2.4. Clustering the conserved macrosynteny blocks
It is helpful to reorder the facets to interpret the results especially when analyzing fragmented genomes. Network-based methods such as hierarchical clustering have been proposed in previous studies (Putnam et al., 2007; Martín-Durán et al., 2020).
We implemented a clustering algorithm that allows for a good interpretability of the results in a limited amount of computational time (Figure 1B). Data are modeled in a network where every chromosome from the two species is modeled as a node, and weighted edges are created between every pair of nodes. The weights correspond to the number of shared orthologs between the two nodes that they connect. The linkage groups are retrieved by organizing the chromosomes into communities using the greedy algorithm implemented in the function ‘cluster_fast_greedy()’ from igraph v.1.3.0 (Csardi et al., 2006) It finds the local optimal communities at each step and is designed to handle large networks with an approximate linear complexity (Clauset et al., 2004).
The ordering is then performed by decreasing size of both the “communities”, and the chromosomes (in amount of orthologs) from left to right (species 1) and top to bottom (species 2).
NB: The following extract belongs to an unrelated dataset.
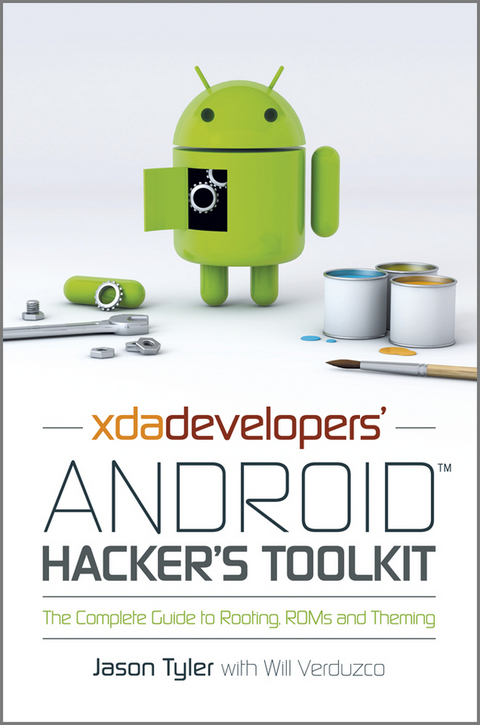 XDA Developers' Android Hacker's Toolkit -  Jason Tyler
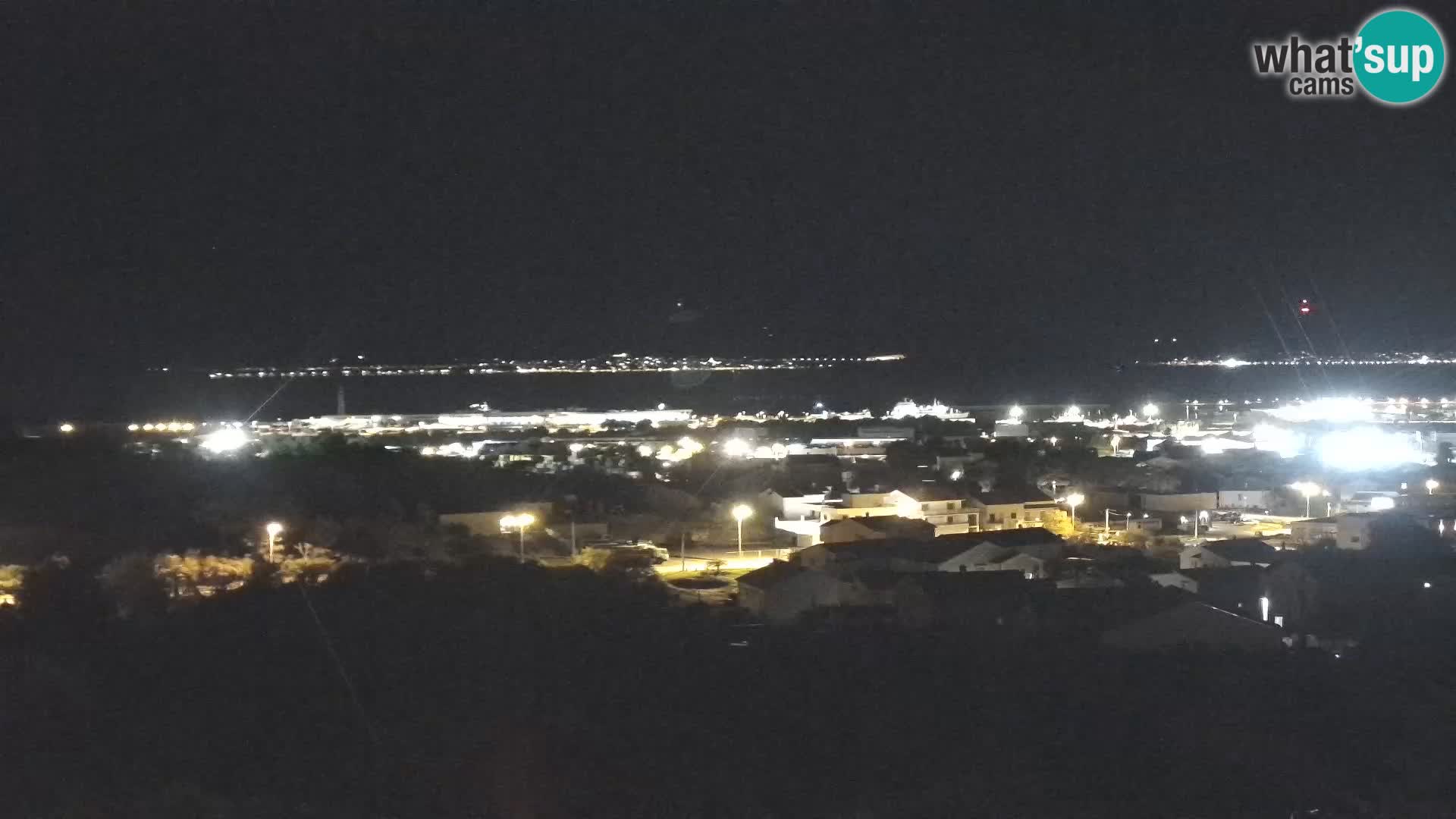 Zadar Porto di Gazenica Webcam Panorama, Zara, Croazia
This algorithm performs well even when comparing a chromosomal level genome assembly with a more fragmented one. Computation time can be reduced by using the argument ‘keep_only_significant’.
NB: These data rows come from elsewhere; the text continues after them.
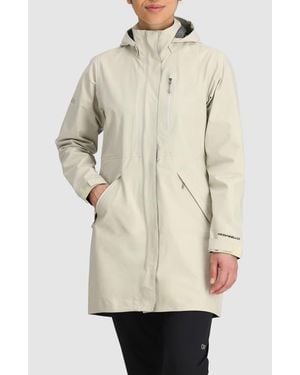 Outdoor Research Aspire 3L Waterproof & Windproof Jacket - Natural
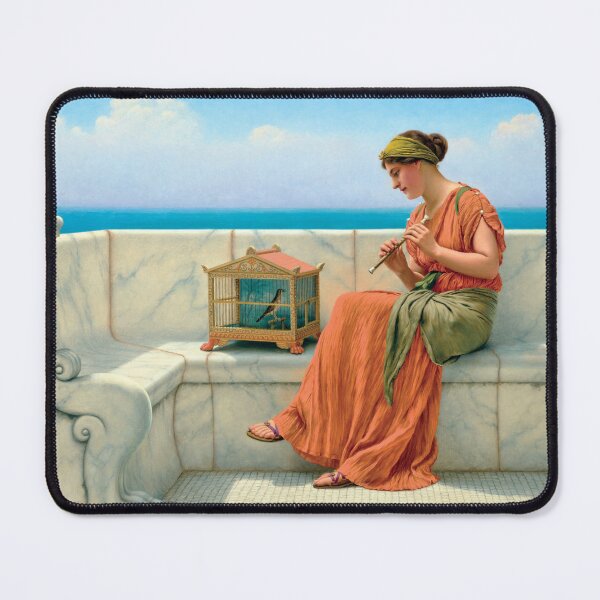 Item preview, A Song without Words | J. W. Godward designed and sold by LaMadeleine.
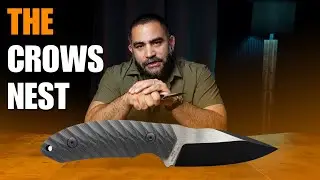The Crows Nest │ A Fixed Blade Knife by @Skallywagtactical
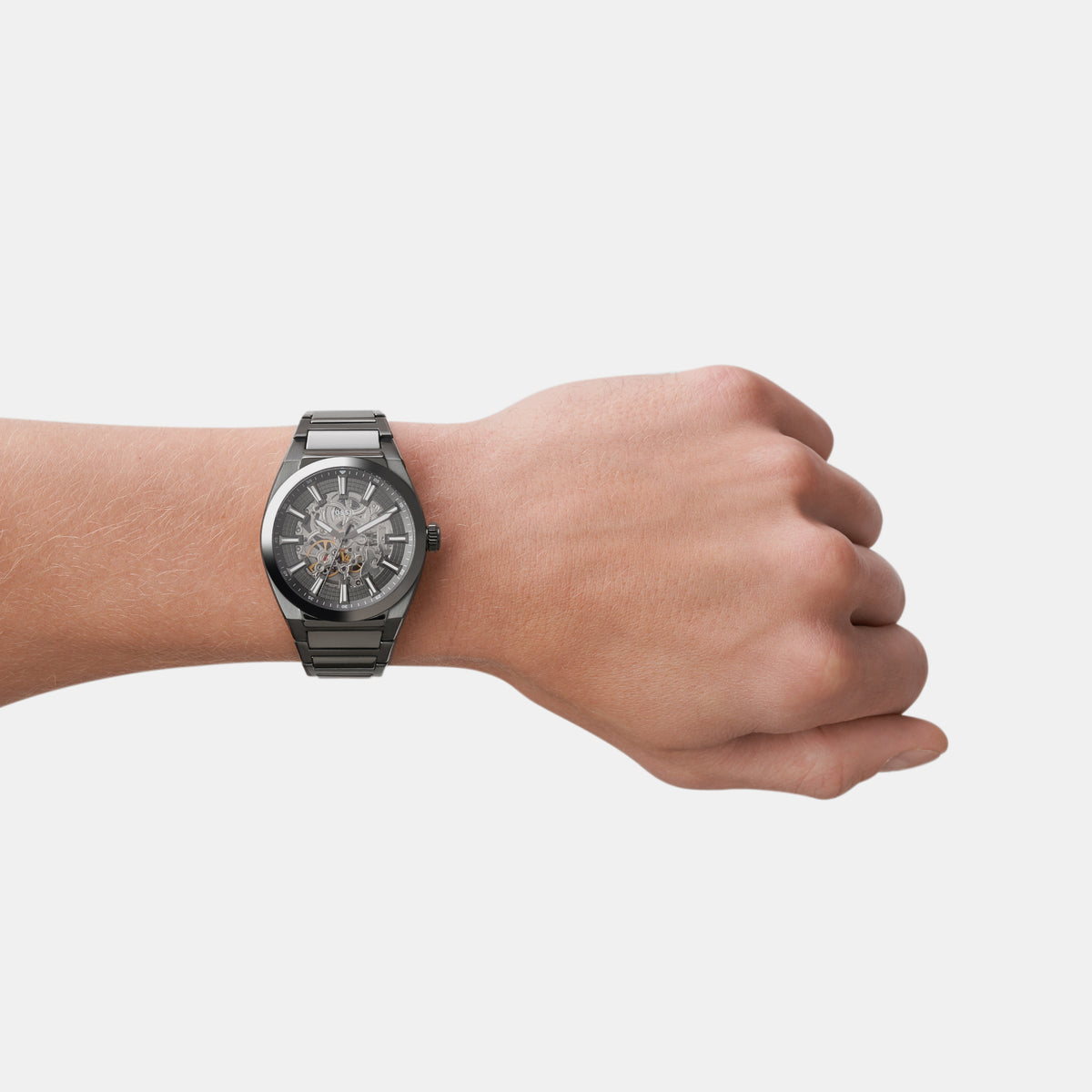 Fossil Brass Round watch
2.5. Example using public datasets
To demonstrate the use of the package, we compare two publicly available datasets. We selected the gene predictions of the lancelet Branchiostoma floridae (Simakov et al., 2020) and the deep-sea tubeworm Paraescarpia echinospica (Sun et al., 2021). Orthologs were calculated as reciprocal best hits using Diamond Blast (Buchfink et al., 2021) called through rbhXpress (El Hilali, 2022). Two R command lines are then enough to draw an Oxford Grid (Figure 1A). The default order is the chromosomal alphabetical order. We can improve the interpretability by using the clustering method (Figure 1B) and track the chromosomal fusions that have shaped the karyotypes of these species.
Availability
A stable version is available on CRAN (https://CRAN.R-project.org/package=macrosyntR) (“install.packages(‘macrosyntR’)”) and the developmental version is hosted on github at: https://github.com/SamiLhll/macrosyntR
Funding
This work was supported by the HFSP grant RGP0028/2018.
Acknowledgements
We thank Mohamed Khamla (LBDV) for drawing of the Hex Logo.